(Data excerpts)
————————
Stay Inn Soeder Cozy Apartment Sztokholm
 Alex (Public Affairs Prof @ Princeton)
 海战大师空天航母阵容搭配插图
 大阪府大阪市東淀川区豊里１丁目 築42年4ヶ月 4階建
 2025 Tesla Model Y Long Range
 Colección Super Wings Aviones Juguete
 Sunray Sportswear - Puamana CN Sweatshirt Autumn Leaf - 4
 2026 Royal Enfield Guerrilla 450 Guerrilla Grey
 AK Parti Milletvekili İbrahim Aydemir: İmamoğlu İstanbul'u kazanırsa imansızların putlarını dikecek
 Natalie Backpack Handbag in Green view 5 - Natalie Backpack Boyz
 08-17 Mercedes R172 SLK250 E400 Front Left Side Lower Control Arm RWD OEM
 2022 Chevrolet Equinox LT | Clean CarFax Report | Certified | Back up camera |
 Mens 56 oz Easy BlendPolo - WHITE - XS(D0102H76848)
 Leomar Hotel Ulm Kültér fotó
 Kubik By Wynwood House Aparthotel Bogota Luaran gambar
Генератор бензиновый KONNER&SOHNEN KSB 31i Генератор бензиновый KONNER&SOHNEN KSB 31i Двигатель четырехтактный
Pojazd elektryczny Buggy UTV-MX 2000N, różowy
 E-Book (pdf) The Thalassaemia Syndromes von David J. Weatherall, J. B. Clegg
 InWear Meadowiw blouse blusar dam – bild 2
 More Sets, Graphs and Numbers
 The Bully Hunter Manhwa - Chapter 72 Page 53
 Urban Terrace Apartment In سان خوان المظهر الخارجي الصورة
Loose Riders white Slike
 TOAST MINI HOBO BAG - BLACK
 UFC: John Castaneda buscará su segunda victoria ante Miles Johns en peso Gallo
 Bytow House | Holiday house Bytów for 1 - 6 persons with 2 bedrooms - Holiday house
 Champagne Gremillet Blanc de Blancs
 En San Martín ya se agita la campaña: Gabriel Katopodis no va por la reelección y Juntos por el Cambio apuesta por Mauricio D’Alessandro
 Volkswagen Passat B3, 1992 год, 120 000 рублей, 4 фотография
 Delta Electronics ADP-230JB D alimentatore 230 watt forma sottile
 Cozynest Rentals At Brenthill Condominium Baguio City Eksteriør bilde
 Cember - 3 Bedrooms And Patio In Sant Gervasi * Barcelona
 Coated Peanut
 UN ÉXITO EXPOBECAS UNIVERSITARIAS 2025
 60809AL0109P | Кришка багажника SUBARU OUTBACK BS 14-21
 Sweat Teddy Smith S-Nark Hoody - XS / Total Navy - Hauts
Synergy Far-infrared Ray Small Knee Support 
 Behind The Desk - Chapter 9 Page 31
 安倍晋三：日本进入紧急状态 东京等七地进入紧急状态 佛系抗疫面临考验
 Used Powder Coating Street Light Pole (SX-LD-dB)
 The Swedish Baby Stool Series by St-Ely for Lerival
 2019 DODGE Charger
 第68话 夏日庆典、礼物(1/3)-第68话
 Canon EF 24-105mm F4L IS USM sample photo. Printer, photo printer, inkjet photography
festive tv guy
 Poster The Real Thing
————————
The required answer is the exact run of lines above starting at the line with "Alex (Public Affairs Prof @ Princeton)" and ending at the line with "UN ÉXITO EXPOBECAS UNIVERSITARIAS 2025", with both ends present.

EXERCISE OUTPUT
 Alex (Public Affairs Prof @ Princeton)
 海战大师空天航母阵容搭配插图
 大阪府大阪市東淀川区豊里１丁目 築42年4ヶ月 4階建
 2025 Tesla Model Y Long Range
 Colección Super Wings Aviones Juguete
 Sunray Sportswear - Puamana CN Sweatshirt Autumn Leaf - 4
 2026 Royal Enfield Guerrilla 450 Guerrilla Grey
 AK Parti Milletvekili İbrahim Aydemir: İmamoğlu İstanbul'u kazanırsa imansızların putlarını dikecek
 Natalie Backpack Handbag in Green view 5 - Natalie Backpack Boyz
 08-17 Mercedes R172 SLK250 E400 Front Left Side Lower Control Arm RWD OEM
 2022 Chevrolet Equinox LT | Clean CarFax Report | Certified | Back up camera |
 Mens 56 oz Easy BlendPolo - WHITE - XS(D0102H76848)
 Leomar Hotel Ulm Kültér fotó
 Kubik By Wynwood House Aparthotel Bogota Luaran gambar
Генератор бензиновый KONNER&SOHNEN KSB 31i Генератор бензиновый KONNER&SOHNEN KSB 31i Двигатель четырехтактный
Pojazd elektryczny Buggy UTV-MX 2000N, różowy
 E-Book (pdf) The Thalassaemia Syndromes von David J. Weatherall, J. B. Clegg
 InWear Meadowiw blouse blusar dam – bild 2
 More Sets, Graphs and Numbers
 The Bully Hunter Manhwa - Chapter 72 Page 53
 Urban Terrace Apartment In سان خوان المظهر الخارجي الصورة
Loose Riders white Slike
 TOAST MINI HOBO BAG - BLACK
 UFC: John Castaneda buscará su segunda victoria ante Miles Johns en peso Gallo
 Bytow House | Holiday house Bytów for 1 - 6 persons with 2 bedrooms - Holiday house
 Champagne Gremillet Blanc de Blancs
 En San Martín ya se agita la campaña: Gabriel Katopodis no va por la reelección y Juntos por el Cambio apuesta por Mauricio D’Alessandro
 Volkswagen Passat B3, 1992 год, 120 000 рублей, 4 фотография
 Delta Electronics ADP-230JB D alimentatore 230 watt forma sottile
 Cozynest Rentals At Brenthill Condominium Baguio City Eksteriør bilde
 Cember - 3 Bedrooms And Patio In Sant Gervasi * Barcelona
 Coated Peanut
 UN ÉXITO EXPOBECAS UNIVERSITARIAS 2025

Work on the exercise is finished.